Many people seek out debt advice to come out of their situation, but unfortunately they are unable to juggle their finance. They end up with the decision of selling their house. The sell and rent back is the right decision to make at this crucial time. Nowadays, there are many real estate agents, who get engaged in such schemes.
The scheme of sell to rent back is beneficial for both realtor and seller. Real estate agent takes it to be worthy investment as he gets the regular income from the very first day of his investment. The yield of return on investment is good enough to invest your hard earned money.
Sell and rent back scheme not only helps you to raise immediate equity but also helps you to avoid relocating. It gives you a special advantage of avoiding you name to be black listed. Thus, you do not lose your ability to have the credit again. In this process, your family will get the chance to pay off their debt and stay at the same place for some more time, specified at the time of agreement.
The Financial Services Authority (FSA) regulates the sale of these schemes. This means, for example, that firms must treat you fairly when selling you a scheme and their advertising must be clear, fair and not misleading. Make sure you deal with a regulated firm so you will have access to complaints procedures if things go wrong. To check if a firm is regulated please contact the FSA. They are currently consulting on further rules to give greater protection to consumers and which will come into force next summer.
Sell and Rent Bank scheme is not the same as a Home reversion, which is for people who have paid off their mortgage and want to sell part or their entire home for cash and keep the right to live in it for a nominal rent. Selling your home in this way may allow you to clear your mortgage debts and stay in your home, but you will no longer own it.
Under the Home reversion method, you will normally be paid less than the full market value of your home. You should check how long you can stay in your home as your rental agreement may not be renewed, so you could still have to leave after the initial term, usually 6-12 months, comes to an end.
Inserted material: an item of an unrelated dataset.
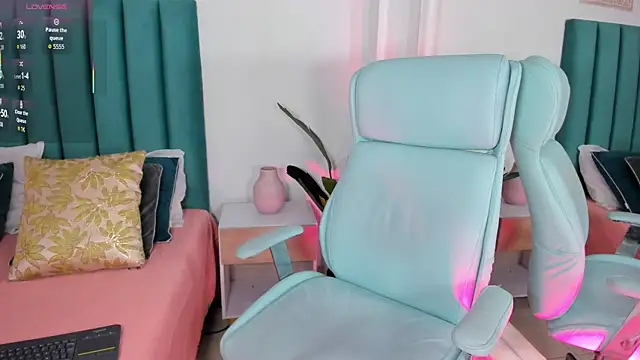 amy-thomson1 online show from December 3, 2025, 3:51 am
You could still be evicted if you breach any of the terms of your tenancy, for example if you fall behind with your new rental payments. If the person or firm buying your home gets into financial difficulties, the property could still be repossessed and you might have to leave.
Therefore, you will need to think carefully before entering into such a scheme and make sure you understand the consequences. For a guide on how it may affect your right to Housing Benefit, read the Advice for homeowners – sale and rent back leaflet from the Department for Work and Pensions (DWP). If you are unsure, talk to a free and independent money adviser.